Let $A$ and $B$ are $n\times n$ matrices and $x \in C^{n}$.
If $Ax = Bx$ for all $x$ then $A = B$.
To prove this I have selected $x$ from Euclidean basis B = {$e_{1},e_{2},...,e_{n}$}.
Then $Ae_{i} = Be_{i}$ implies $i^{th}$ column of A = $i^{th}$ column of B for all $1 \leq i \leq n$.
Hence $A = B.$
Is this proof complete?
For the sake of an answering: Yes, your proof is correct.
Let $\langle x|y\rangle:=\sum_{i=1}^n\overline{x_i}y_i$ be the standard inner product on $\mathbf{C}^n$.

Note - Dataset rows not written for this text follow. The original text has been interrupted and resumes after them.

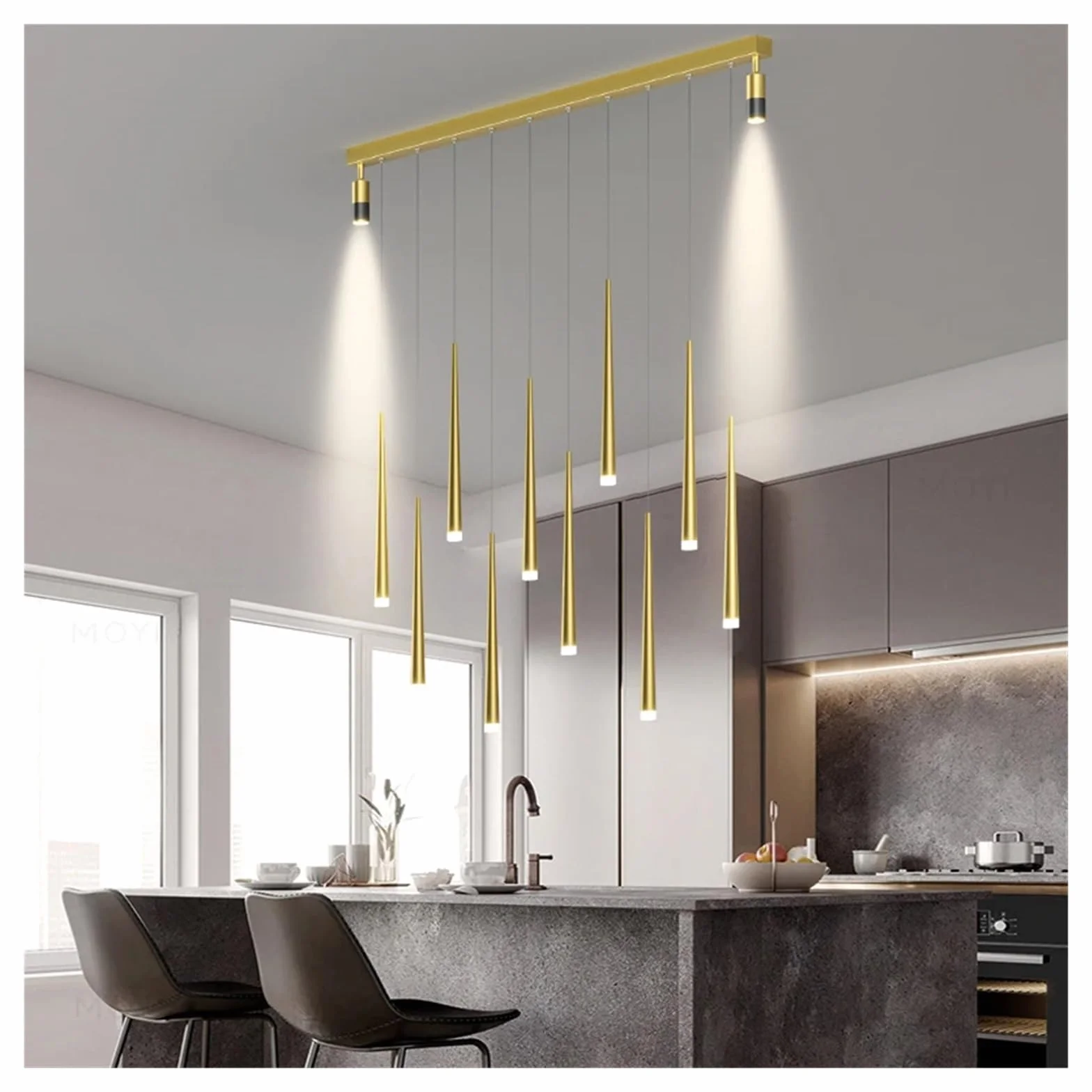 Nowoczesne lampy wiszące LED kompatybilne z jadalnią, kuchnią, salonem, sypialnią, reflektorami, żyrandole sufitowe, do domu - złoty - 10 głowic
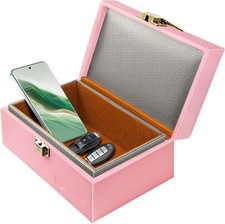 Faraday Box for Car Keys - Large Pink RFID Signal Blocker, Key Fob Protector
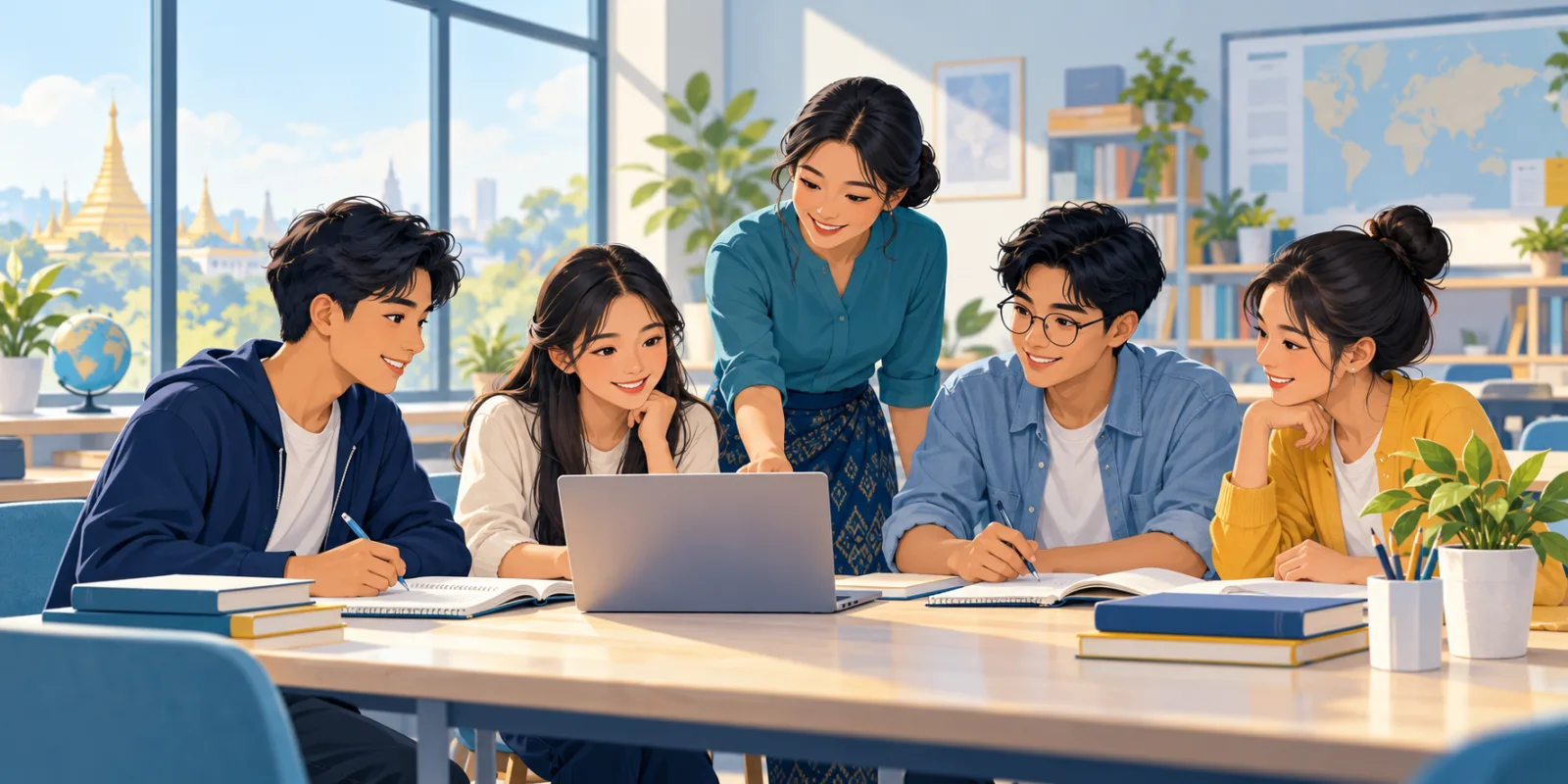 Illustration of Southeast Asian students learning together with a teacher.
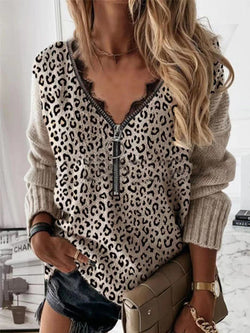 Lace Zip Leopard Print Long Sleeve Sweater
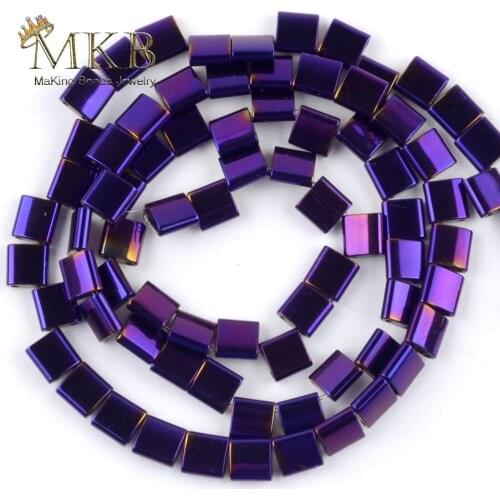 Wholesale Natural Double Hole Purple Hematite Square Stone Beads For Jewelry Making DIY Bracelets Necklace Jewellery 15inches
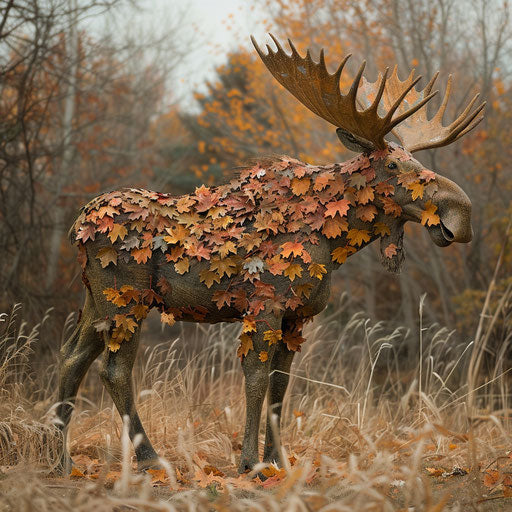 A moose made of autumn leaves, blending into the scenery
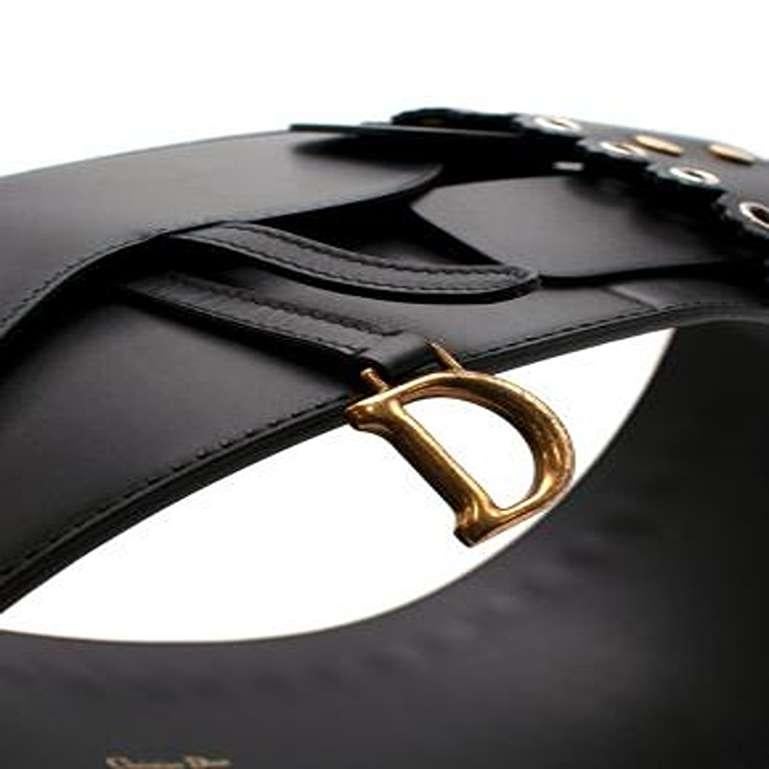 Women's or Men's Black Smooth Leather Deep Saddle Belt - Size 75 For Sale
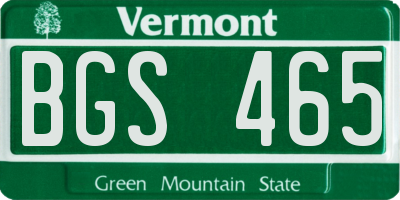 VT license plate BGS465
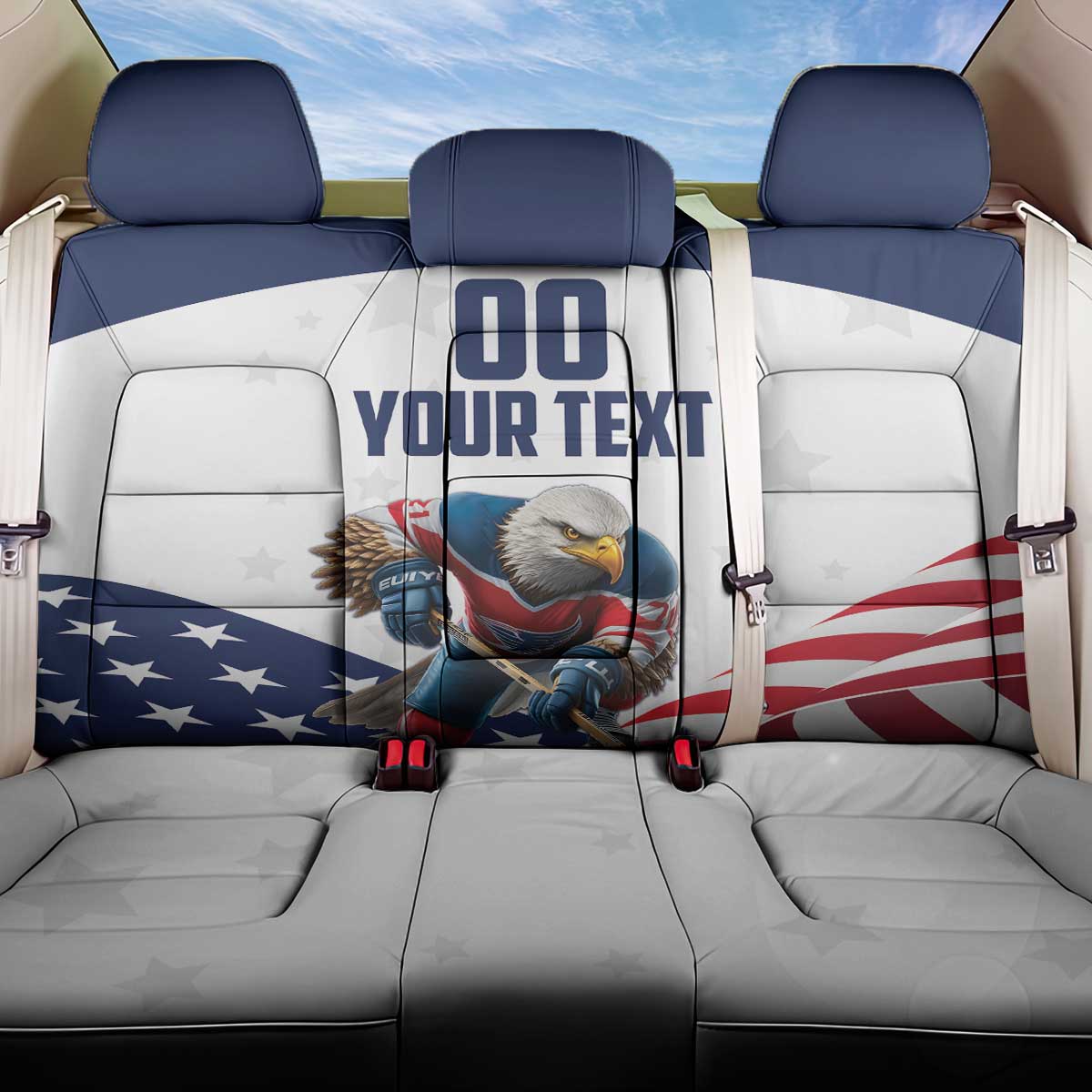 Custom USA Hockey Back Car Seat Cover Team USA Eagle Mascot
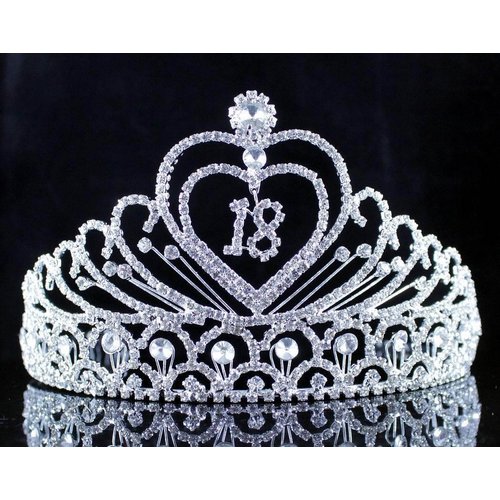 Janefashions EIGHTEEN YEARS OLD 18 BIRTHDAY PARTY RHINESTONE TIARA CROWN HAIR COMBS T2305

To make the title of the question even more obvious, one can use the fact that $\langle e_i|A\cdot e_j\rangle=A_{ij}$ for all $i,j\in\{1,\ldots,n\}$. Thus, if $A\cdot x=B\cdot x$ for all $x\in\mathbf{R}^n$, $A_{ij}=\langle e_i|A\cdot e_j\rangle=\langle e_i|B\cdot e_j\rangle=B_{ij}$ for all $i,j\in\{1,\ldots,n\}$.